====== Entries provided
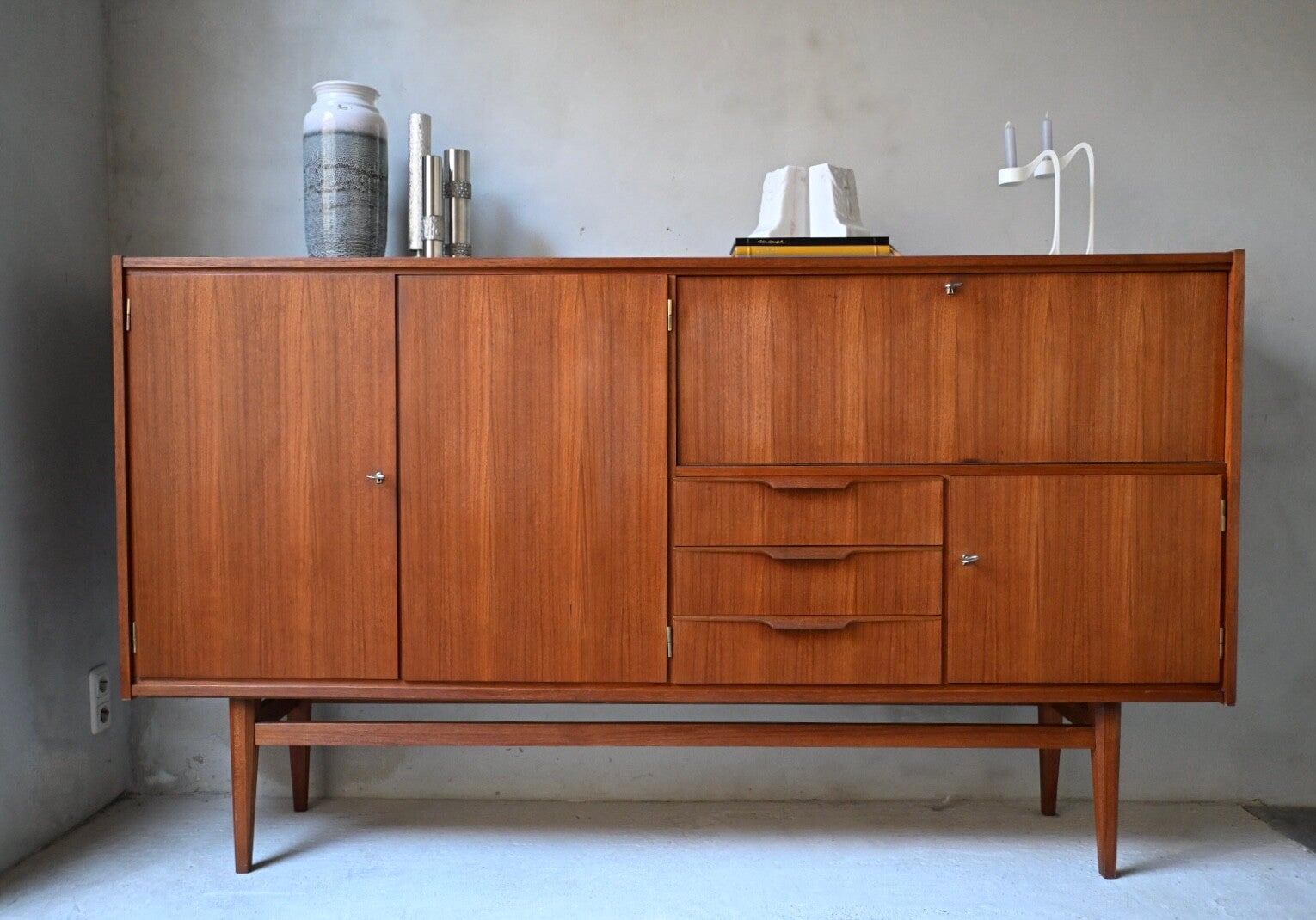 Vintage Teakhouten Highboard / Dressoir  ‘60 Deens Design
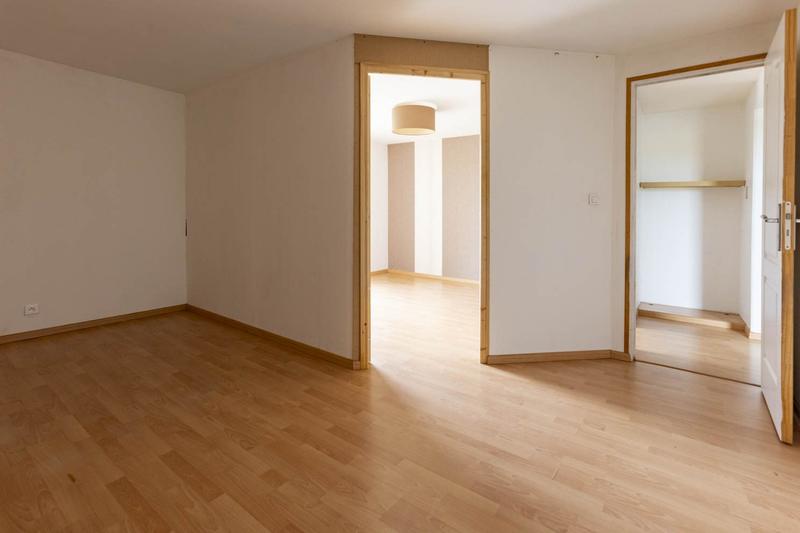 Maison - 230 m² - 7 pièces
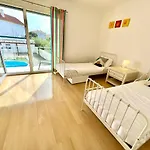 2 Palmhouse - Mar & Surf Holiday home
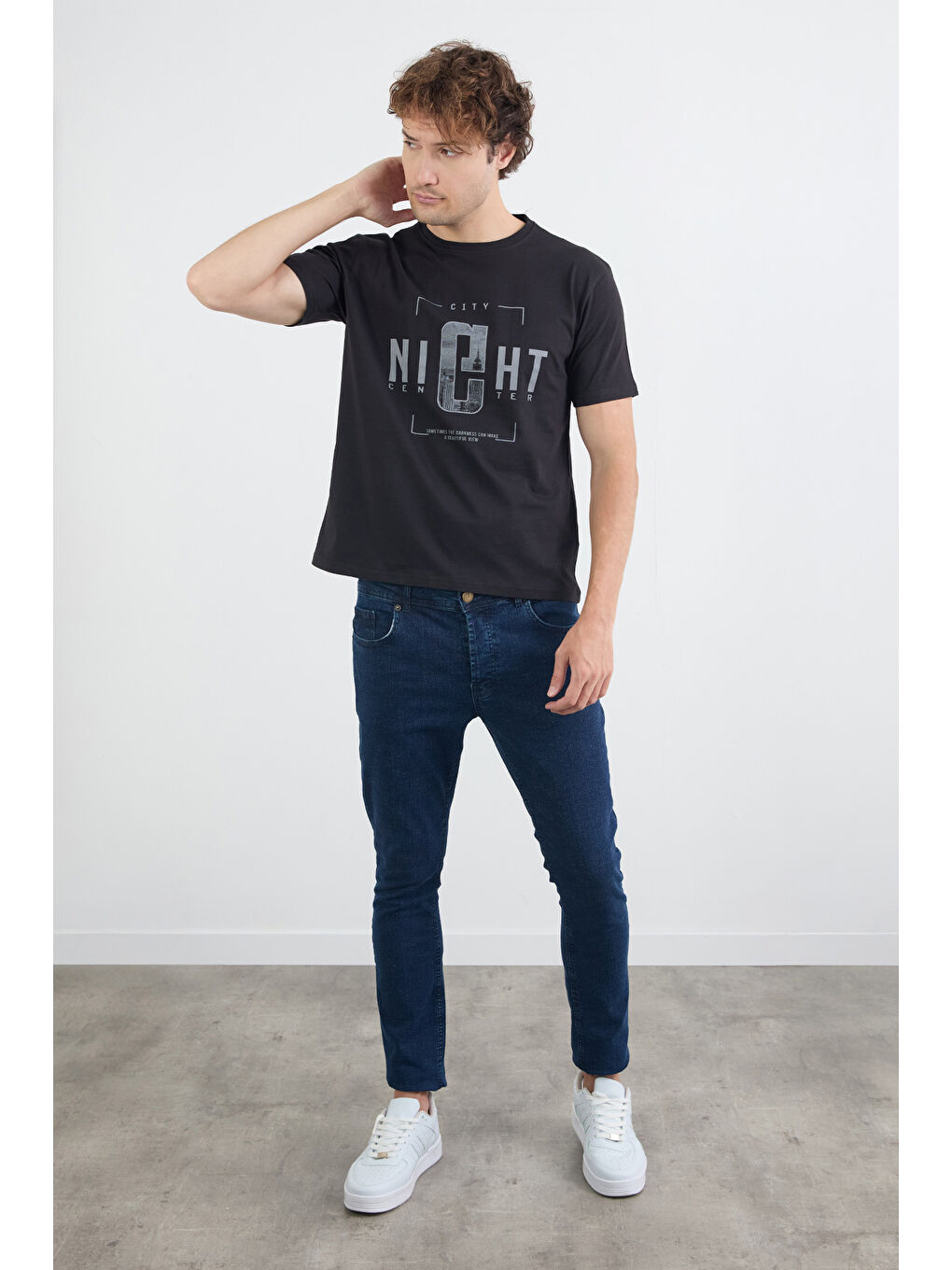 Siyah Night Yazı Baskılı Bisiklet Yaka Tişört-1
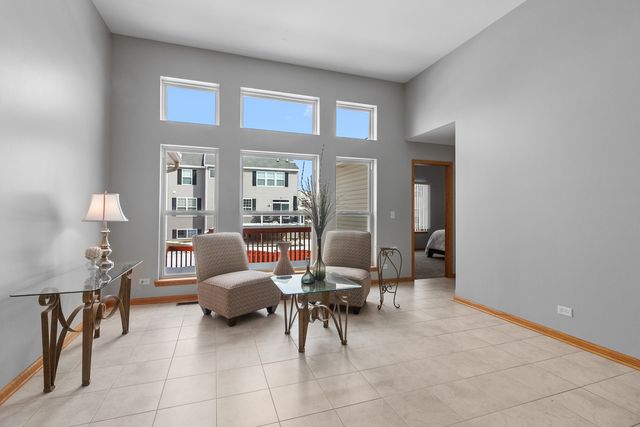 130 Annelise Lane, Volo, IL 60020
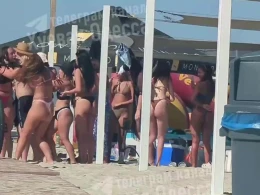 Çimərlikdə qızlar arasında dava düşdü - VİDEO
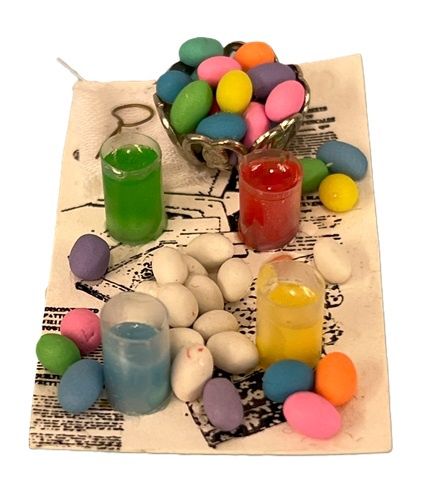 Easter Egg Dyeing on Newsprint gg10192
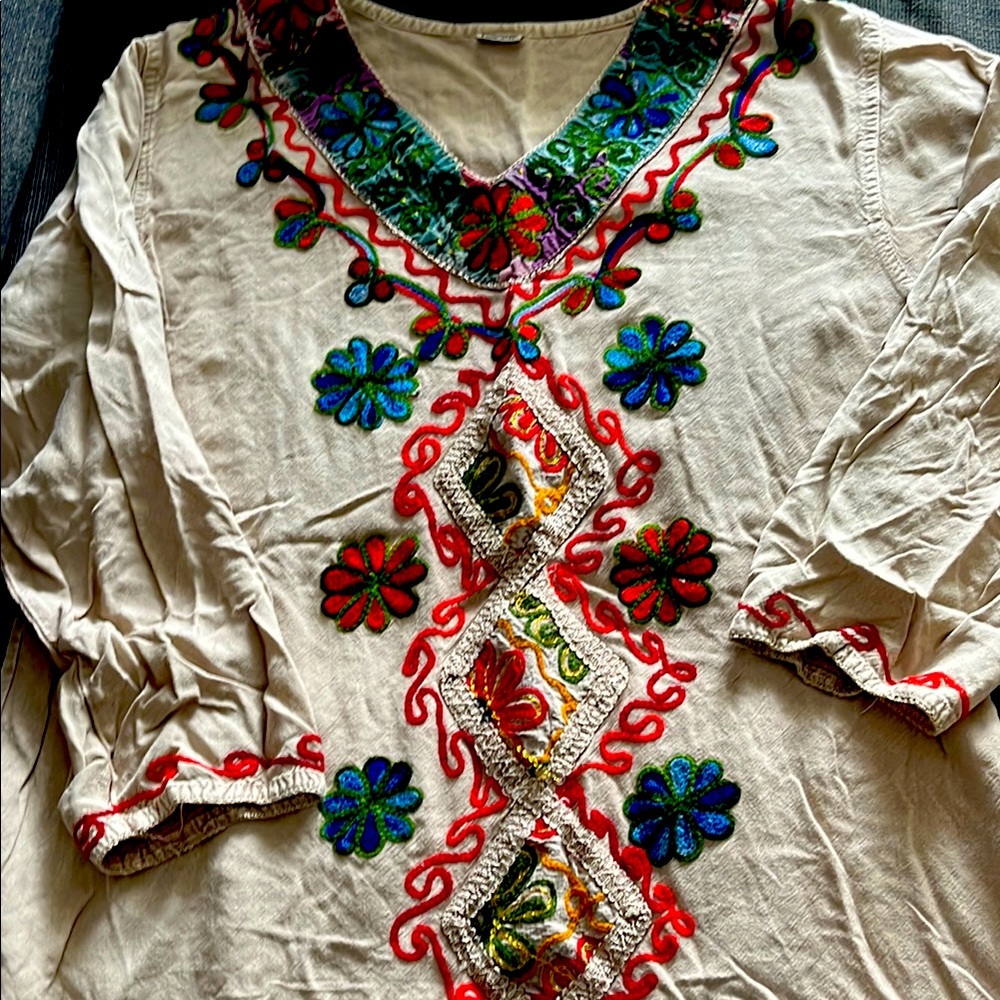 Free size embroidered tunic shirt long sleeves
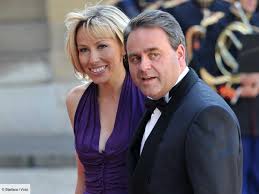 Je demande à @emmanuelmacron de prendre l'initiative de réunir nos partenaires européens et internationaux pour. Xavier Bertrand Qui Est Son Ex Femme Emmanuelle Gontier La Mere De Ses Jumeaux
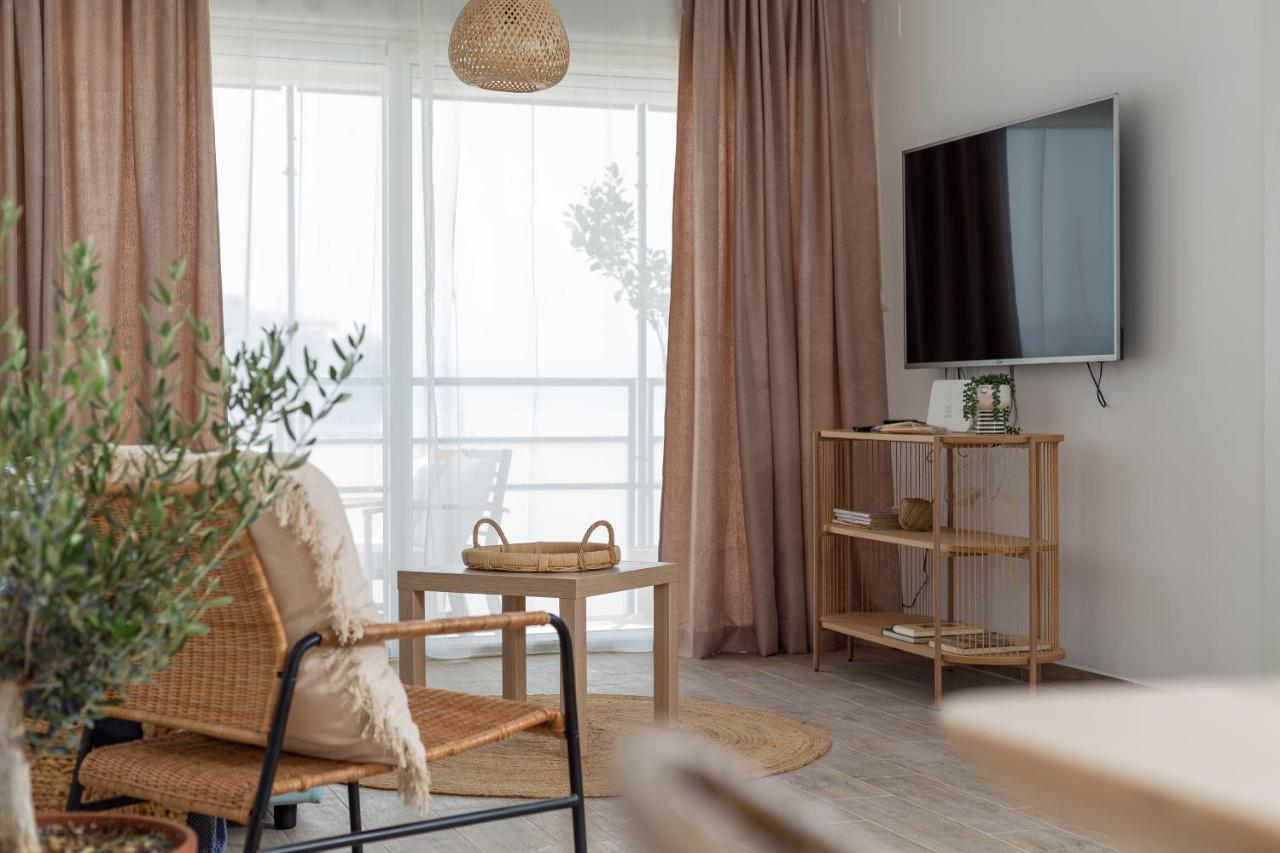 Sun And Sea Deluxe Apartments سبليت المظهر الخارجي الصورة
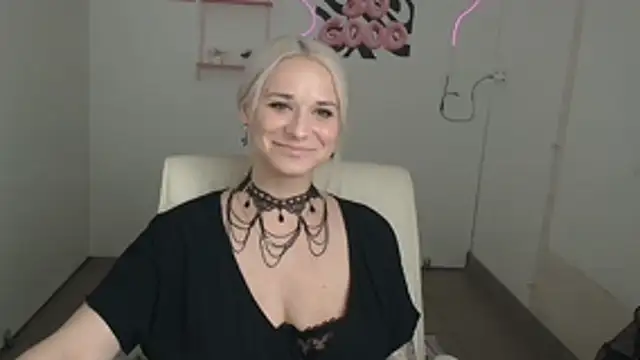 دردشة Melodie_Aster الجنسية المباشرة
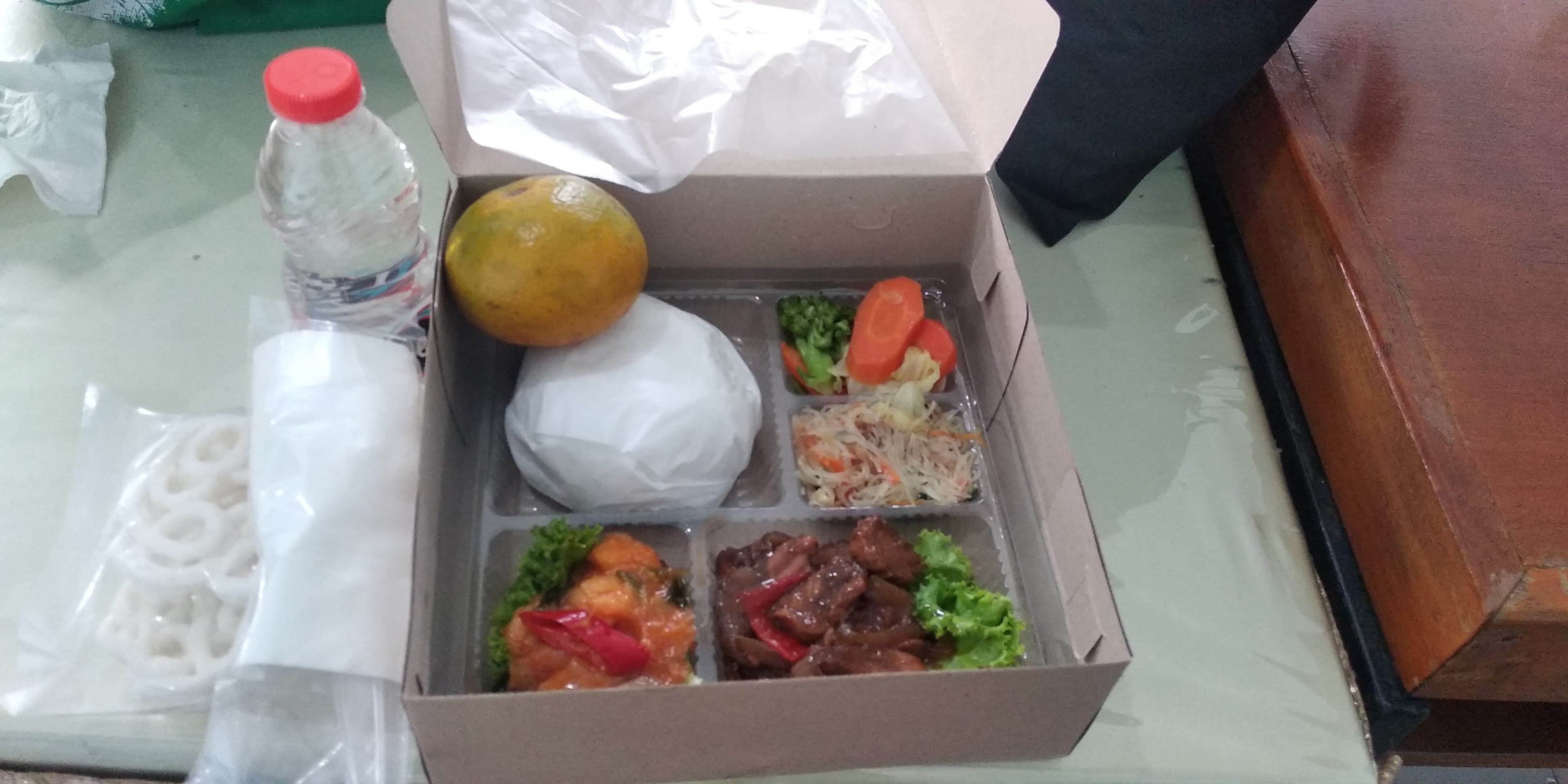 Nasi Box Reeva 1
============
» **Work to be completed**
With the pictures omitted, repeat the full set of records above exactly.

» **Output for this task**
 Vintage Teakhouten Highboard / Dressoir  ‘60 Deens Design
 Maison - 230 m² - 7 pièces
 2 Palmhouse - Mar & Surf Holiday home
 Siyah Night Yazı Baskılı Bisiklet Yaka Tişört-1
 130 Annelise Lane, Volo, IL 60020
 Çimərlikdə qızlar arasında dava düşdü - VİDEO
 Easter Egg Dyeing on Newsprint gg10192
 Free size embroidered tunic shirt long sleeves
 Je demande à @emmanuelmacron de prendre l'initiative de réunir nos partenaires européens et internationaux pour. Xavier Bertrand Qui Est Son Ex Femme Emmanuelle Gontier La Mere De Ses Jumeaux
 Sun And Sea Deluxe Apartments سبليت المظهر الخارجي الصورة
 دردشة Melodie_Aster الجنسية المباشرة
 Nasi Box Reeva 1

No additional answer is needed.